材料Ingredients:
糯米
Glutinous Rice 160g (1cup)
臘腸
Chinese Sausage 1pc
蝦米
Dried Shrimps 5g
冬菇 Shiitake Mushroom 2-3pcs
蛋 Egg 1pc
碎花生 Chopped Peanuts 1湯匙, tbsp
蔥花 Chopped Spring Onion 2湯匙, tbsp
蛋調味 Seasoning for egg:
糖 Sugar 少許Dash
鹽 Salt 少許Dash
水 Water 2茶匙,tsp
糯米飯調味Seasoning for Glutinous
Rice:
雞粉 Chicken Powder 1/2茶匙, tsp
糖 Sugar 1/2茶匙, tsp
美極 Maggi 1茶匙, tsp
生抽 Soy Sauce 1茶匙, tsp
水 Water 3茶匙, tsp
麻油 Sesame oil 少許Dash
老抽 Dark Soy Sauce 少許Dash
胡椒粉 White Pepper 少許Dash
做法How to Make:
1. 糯米浸水5小時, 隔乾水分, 將米放上白洋布, 隔水蒸40分鐘, 每10分鐘在米面用手灑少許水
Soak the rice for 5 hours, drain.

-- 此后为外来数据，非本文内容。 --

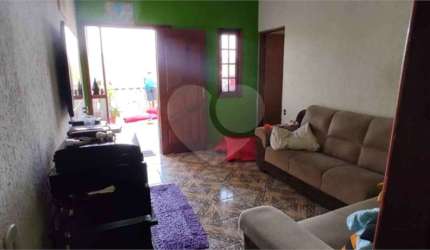 Sobrado com 4 quartos à venda em Jardim Bertioga - SP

Put
a muslin cloth on the steamer, place the rice evenly on the cloth and steam for
40mins. Sprinkle water onto the rice every 10mins to avoid rice become too dry.
2. 冬菇浸軟, 去蒂洗淨。連用臘腸於糯米蒸好10分鐘前放上飯面蒸。取出, 切幼粒。 Soak the shiitake mushroom until
softened. Remove the hard end and rinse. In the last 10 mins, put the Chinese
sausage and shiitake mushroom onto rice and steam it. Take out and dice.
3. 雞蛋加入蛋調味打勻, 煎成蛋餅後切幼絲備用
Beaten and season the egg. Heat up a pan, add some oil, add the egg,
pan fry it until both sides turn golden. Cut it into thin strips.
4. 蝦米浸水15分鐘 (如太大可切粒), 和臘腸粒, 冬菇粒下鑊用慢火爆香, 盛起。 Soak the dried shrimps for 15 mins
(may chop it if too large in size) and drain. Then, sauté with sausage and
shiitake mushroom until fragrant and sausage’s fat is released. Remove from the
pan and set aside.
5. 將蒸好的糯米用中小火邊炒, 邊逐少加入調味, 至飯粒均勻上色, 加入蝦米、冬菇、臘腸和蔥花炒勻, 上碟, 放上蛋絲和花生碎即可
Pour the steamed glutinous rice to the pan, stir-frying occasionally
with low-medium heat till the rice separated, not clumped together.
Adding the seasoning gradually until it is absorbed evenly, add the
dried shrimp, mushroom, sausage and spring onion, stir fry to combine
well. Dish up. Garnish with egg strips and chopped peanuts.